Even the Wall Street Journal excoriated the President over his remarks, chiding him that he “needs a remedial course in judicial review.” How could the President, allegedly a constitutional scholar and professor at the University of Chicago and president of the Harvard Law Review, not remember the pivotal case, Marbury v. Madison, decided 209 years ago and considered as perhaps the singular landmark case in the history of law? That case helped define the constitutional boundaries between the Executive and Judicial branches of the fledgling republic and was the first time in Western history that a court invalidated a law by declaring it to be unconstitutional. As noted by the Journal:
In Marbury in 1803, Chief Justice John Marshall laid down the doctrine of judicial review. In the 209 years since, the Supreme Court has invalidated part or all of countless laws on grounds that they violated the Constitution. All of those laws were passed by a “democratically elected” legislature of some kind, either Congress or in one of the states. And no doubt many of them were passed by “strong” majorities.
The decision specifically ruled that “Section 13 of the Judiciary Act of 1789 is unconstitutional to the extent it purports to enlarge the original jurisdiction of the Supreme Court beyond that permitted by the Constitution. Congress cannot pass laws that are contrary to the Constitution, and it is the role of the Judicial system to interpret what the Constitution permits.” [Emphasis added.] In writing the unanimous decision, Chief Justice John Marshal said, “The government of the United States has been emphatically termed a government of laws and not of men…”
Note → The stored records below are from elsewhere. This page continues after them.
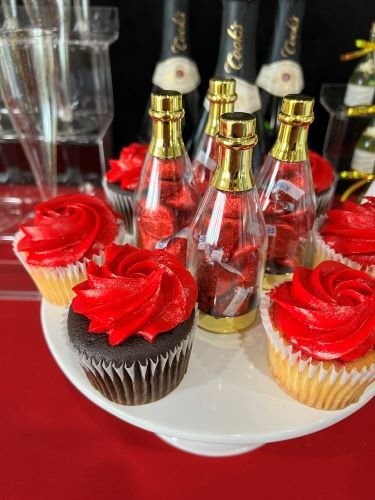 Stock Photo Glitz and Glam Cupcakes (3).jpeg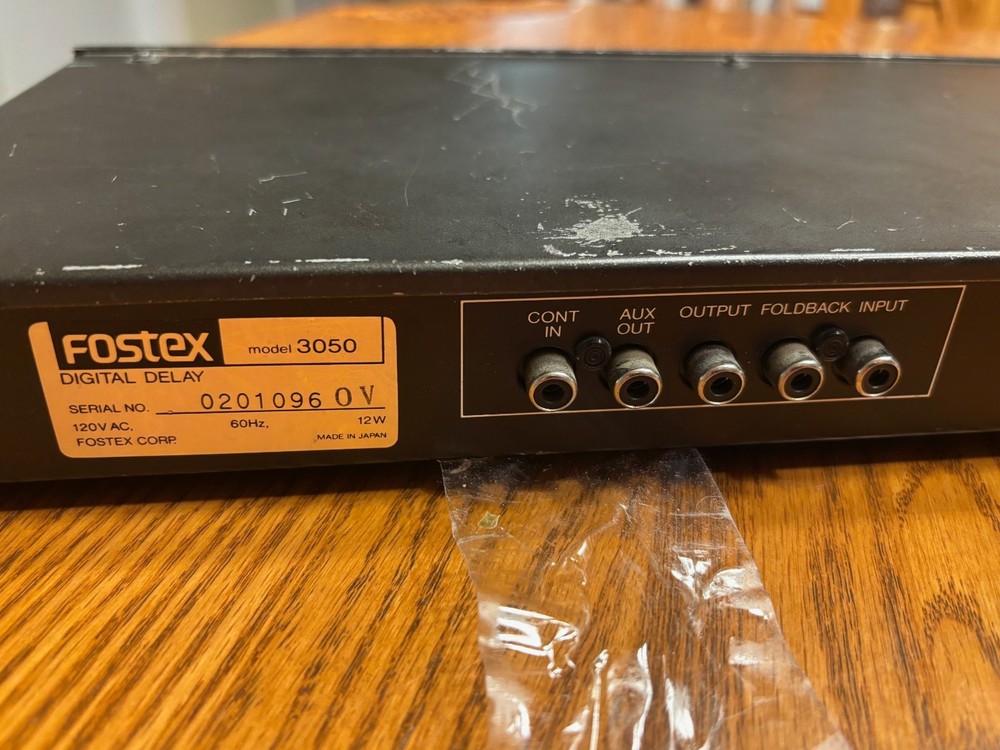 Fostex Model 3050 Digital Delay Effect Processor Rackmount - Vintage
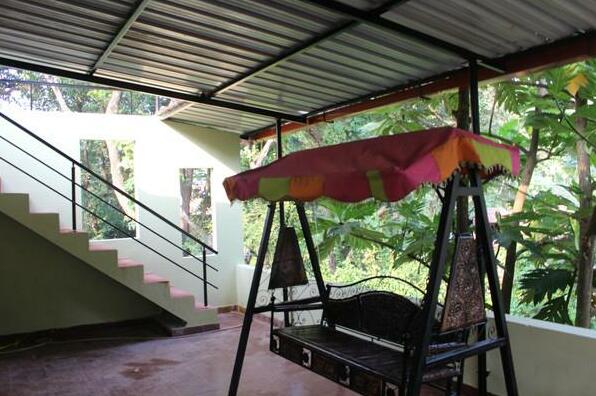 Christa Jyothi Home Stay - Photo5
Judge Andrew Napolitano made much the same point in this Fox News commentary:
Republican presidential candidate Ron Paul also weighed in on the matter by reminding his readers that not only should the Supreme Court throw out the individual mandate but the entire “monstrosity” as well:
The insurance mandate clearly exceeds the federal government’s powers under the interstate commerce clause found in Article I, Section 8 of the Constitution. This is patently obvious: the power to “regulate” commerce cannot include the power to compel commerce! Those who claim otherwise simply ignore the plain meaning of the Constitution because they don’t want to limit federal power in any way.
The commerce clause was intended simply to give Congress the power to regulate foreign trade, and also to prevent states from imposing tariffs on interstate goods. In Federalist Paper No. 22, Alexander Hamilton makes it clear the simple intent behind the clause was to prevent states from placing tolls or tariffs on goods as they passed through each state…
And then Paul went on to disabuse any expectation that the Supreme Court will discard any or all of ObamaCare. In fact, says Paul:
The Supreme Court has utterly abused the commerce clause for decades, at least since the infamous 1942 case of Wickard v. Filburn. In that instance the Court decided that a farmer growing wheat for purely personal use still affected interstate commerce—presumably by not participating in it!
Paul also challenged the court’s own decision in 1803 to declare unto itself the power referred to by the Journal:
The doctrine of judicial review, which is nowhere to be found in Article III of the Constitution, has done nothing to defend liberty against extra-constitutional excesses by government. It is federalism and states’ rights that should protect our liberty, not nine individuals on a godlike Supreme Court.
While providing a flashpoint of controversy in his injudicious remarks and warnings to the Supreme Court, the President does bring to the fore the primary issue: Is the U.S. government a “government of laws or of men?” As Paul concluded:
Perhaps the most important lesson from Obamacare is that while liberty is lost incrementally, it cannot be regained incrementally. The federal leviathan continues its steady growth; sometimes boldly and sometimes quietly. Obamacare is just the latest example, but make no mistake: the statists are winning. So advocates of liberty must reject incremental approaches and fight boldly for bedrock principles. We must forcefully oppose lawless government, and demand a return to federalism by electing a Congress that legislates only within its strictly limited authority under Article I, Section 8.